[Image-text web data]
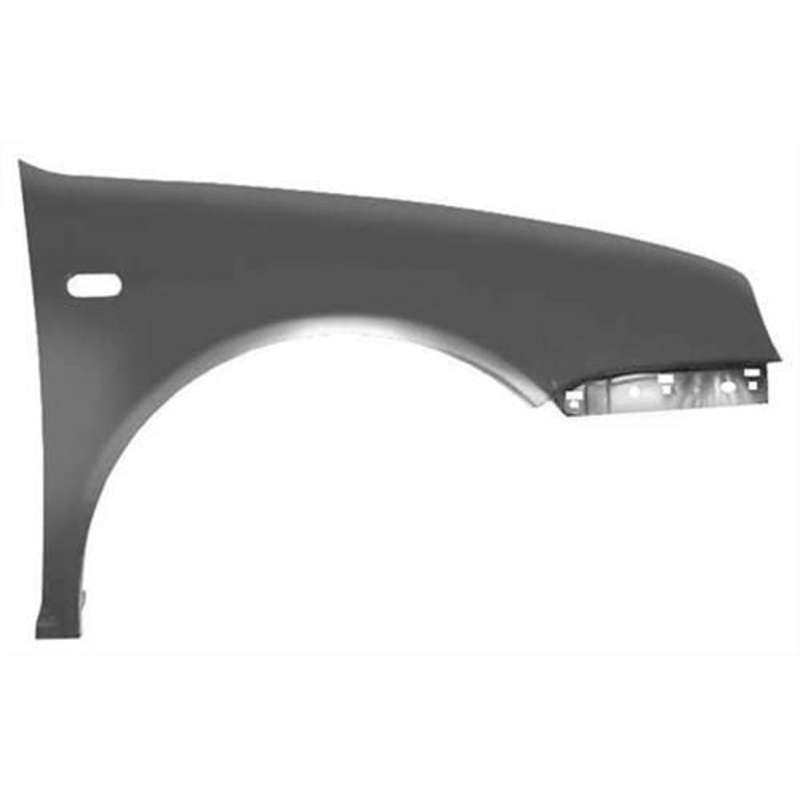 Volkswagen Golf 3 Door Hatchback MK4 1998-2003 Front Wing Driver Side R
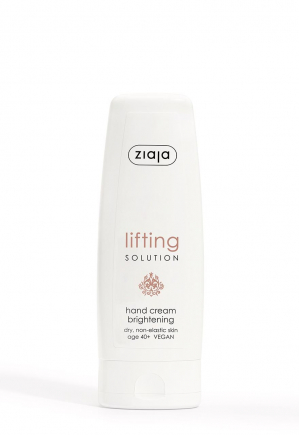CREMA DE MANOS BLANQUEADORA – ZIAJA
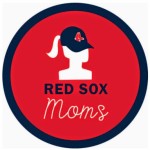Groovy Green Livin Red Sox Moms #redsoxmoms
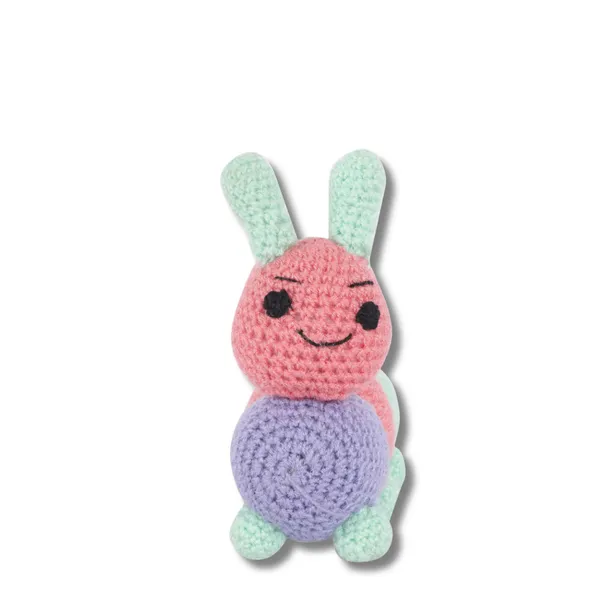 Green_Woolen_Toys_Home_Decor
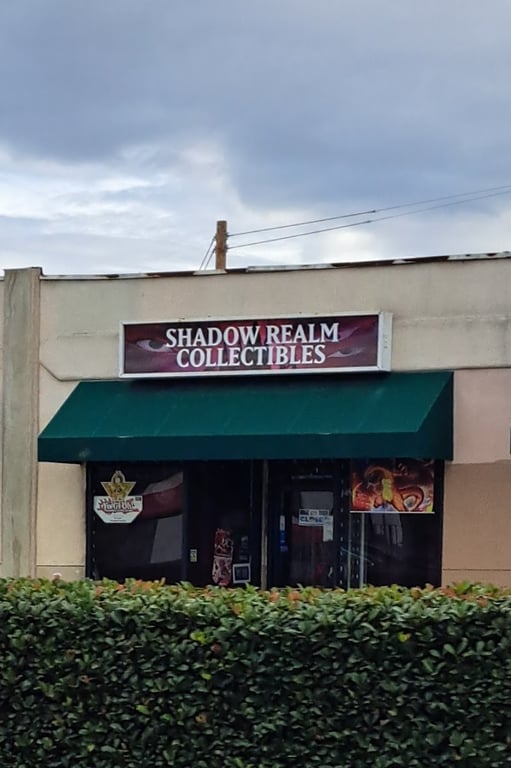 Shadow Realm Collectibles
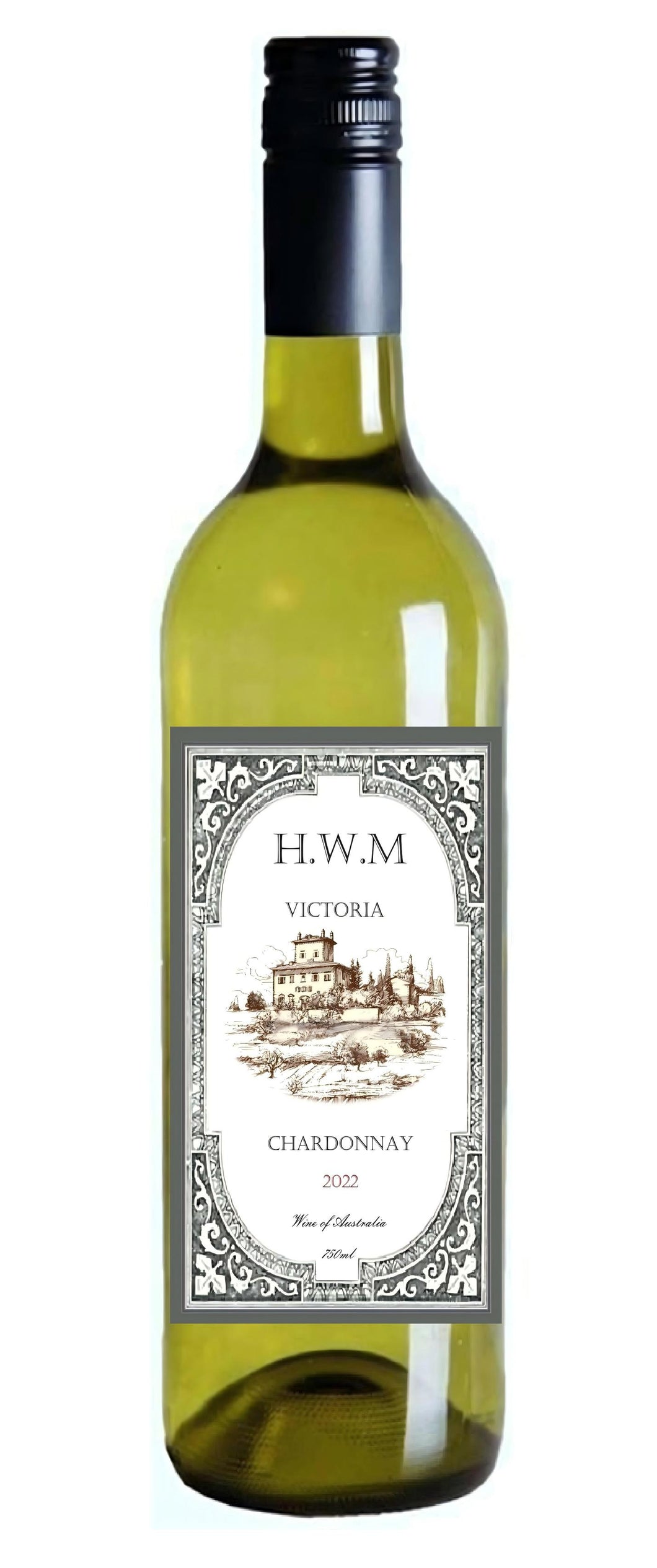 HWM Victoria Chardonnay 2022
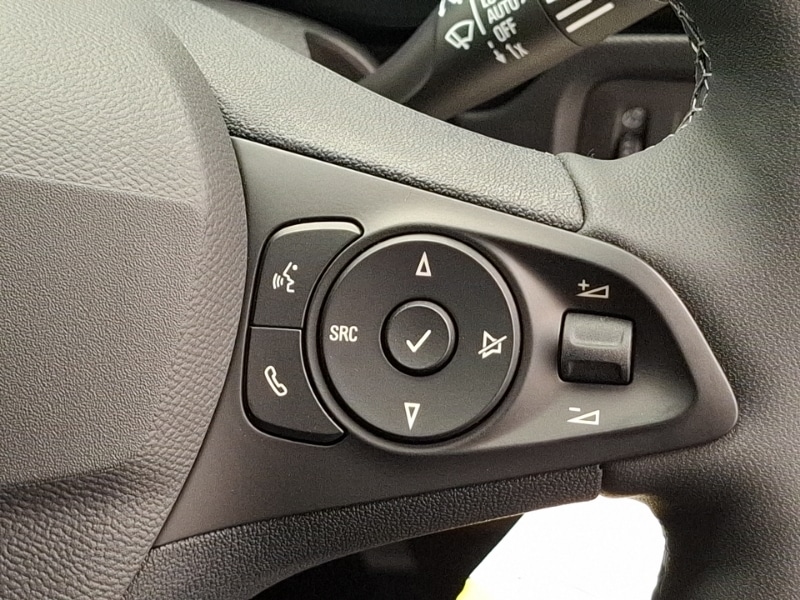 Used Vauxhall Corsa 2025 for sale - 77911565: Photo 19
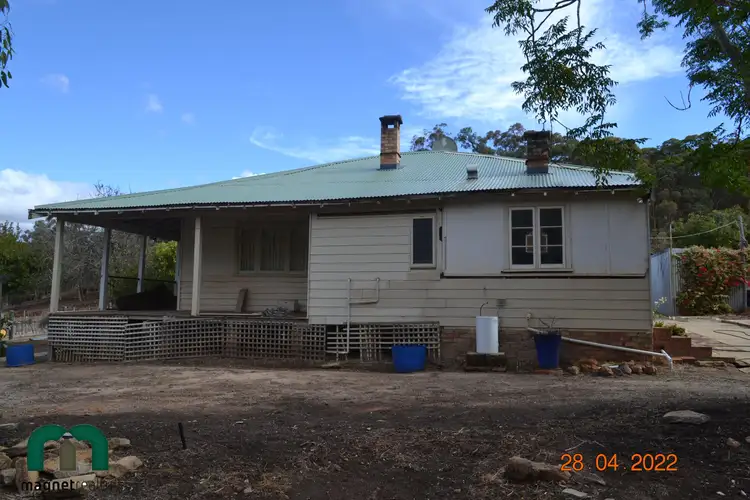 109 Refractory Road, Clackline WA 6564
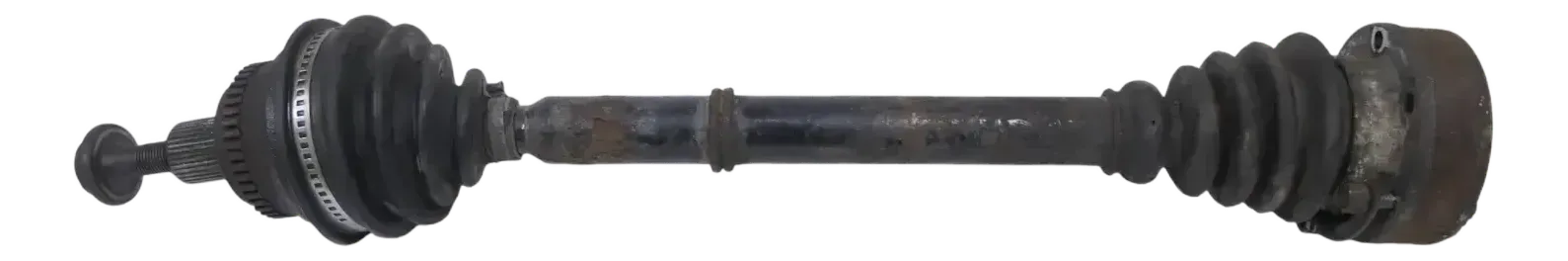 Audi 80 Antriebswelle Gelenkwelle 8A0407271AH links vorne Allrad Quattro ABC AAH - Bild 1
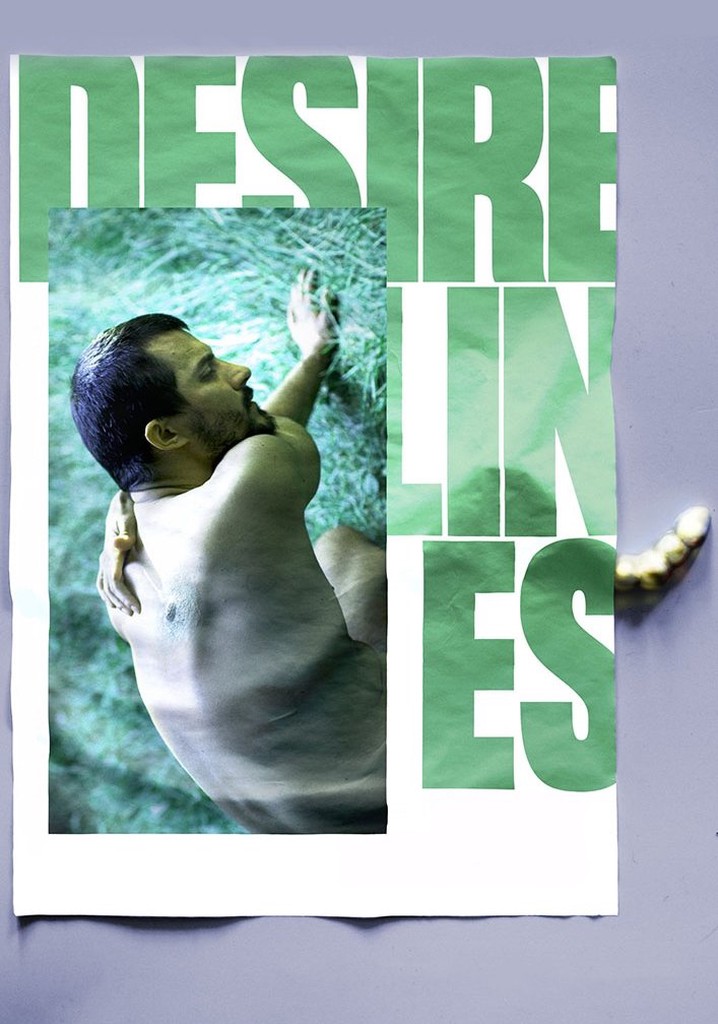 Desire Lines poster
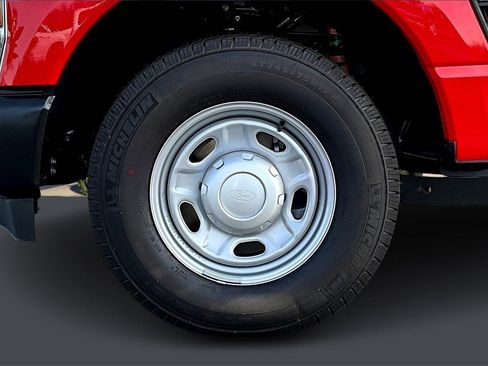 New 2026 Ford F350 XL image 13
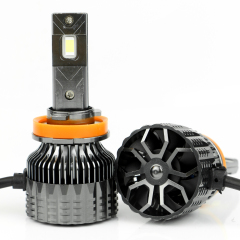 130W 14500LM Lumen led car light auto V30 Series H11 led headlight Bulb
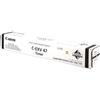 Canon Toner Nero C-Exv47Bk 8516B002 19000 Pagine Originale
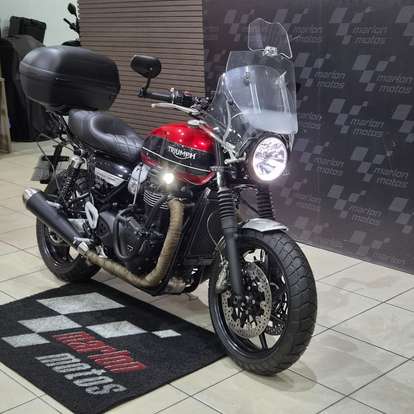 TRIUMPH-SPEED TWIN-2020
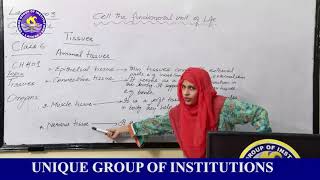 Online Lecture  3 Class  6 Book G Science [upl. by Iloj945]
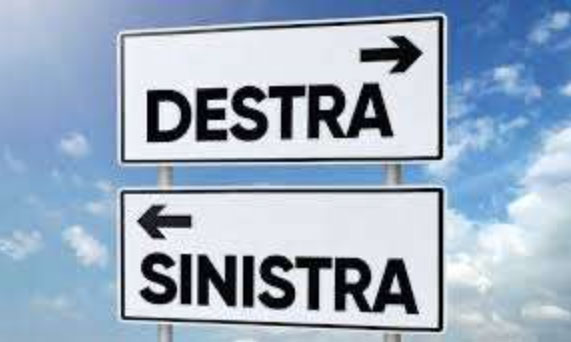 Open Arms, immigrazione, giustizia, gender: destra e sinistra sono inconciliabili. No inciuci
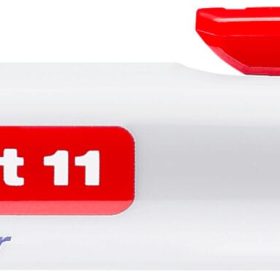 EDDING Permanent Marker 11 1,5-3mm 11-2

_WHAT YOU HAVE TO DO_: Exclude all images, then retype the records above without alteration.

_TASK RESPONSE_:
 Volkswagen Golf 3 Door Hatchback MK4 1998-2003 Front Wing Driver Side R
CREMA DE MANOS BLANQUEADORA – ZIAJA
Groovy Green Livin Red Sox Moms #redsoxmoms
 Green_Woolen_Toys_Home_Decor
 Shadow Realm Collectibles
 HWM Victoria Chardonnay 2022
 Used Vauxhall Corsa 2025 for sale - 77911565: Photo 19
 109 Refractory Road, Clackline WA 6564
 Audi 80 Antriebswelle Gelenkwelle 8A0407271AH links vorne Allrad Quattro ABC AAH - Bild 1
 Desire Lines poster
 New 2026 Ford F350 XL image 13
 130W 14500LM Lumen led car light auto V30 Series H11 led headlight Bulb
 Canon Toner Nero C-Exv47Bk 8516B002 19000 Pagine Originale
 TRIUMPH-SPEED TWIN-2020
 Online Lecture  3 Class  6 Book G Science [upl. by Iloj945]
 Open Arms, immigrazione, giustizia, gender: destra e sinistra sono inconciliabili. No inciuci
 EDDING Permanent Marker 11 1,5-3mm 11-2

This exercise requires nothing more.